SOURCE DATA —
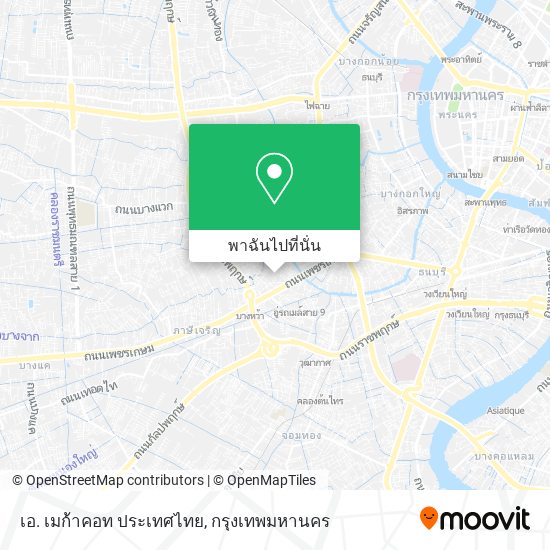 เอ. เมก้าคอท ประเทศไทย แผนที่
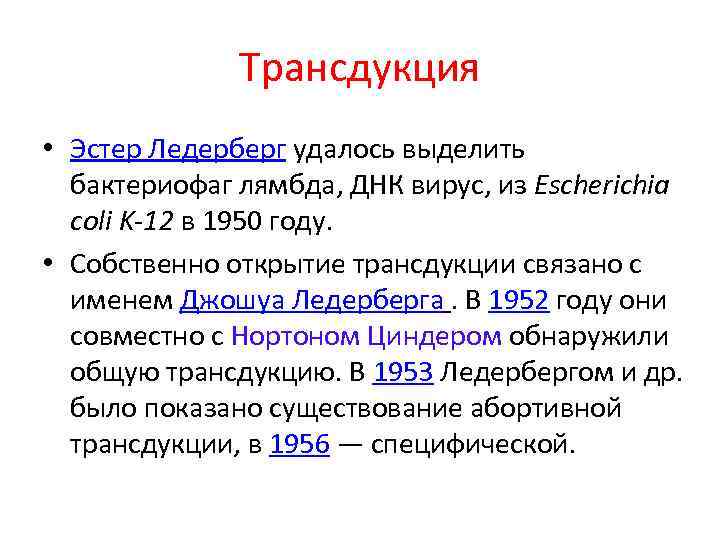 Трансдукция • Эстер Ледерберг удалось выделить бактериофаг лямбда, ДНК вирус, из Escherichia coli K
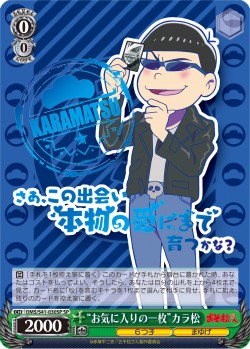 osomatsucard_20160617_image05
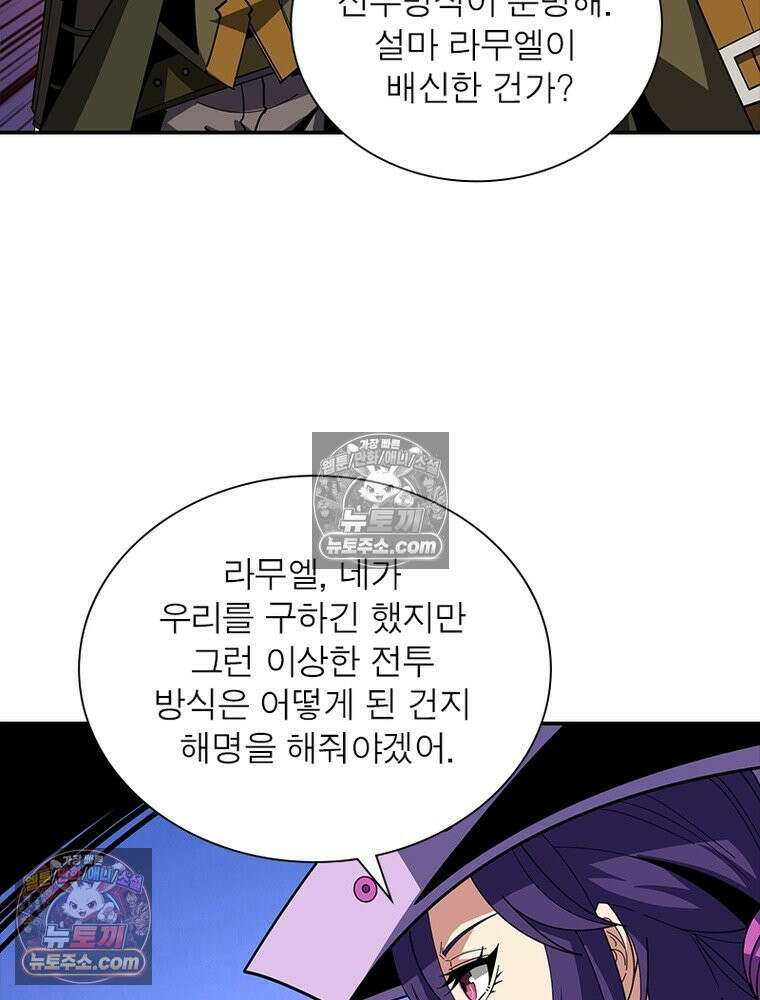 리부트 시스템 226화 75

TASK DESCRIPTION — Print the full listing again exactly, and drop every image from it.

REPLY TO THE EXERCISE —
 เอ. เมก้าคอท ประเทศไทย แผนที่
 Трансдукция • Эстер Ледерберг удалось выделить бактериофаг лямбда, ДНК вирус, из Escherichia coli K
 osomatsucard_20160617_image05
 리부트 시스템 226화 75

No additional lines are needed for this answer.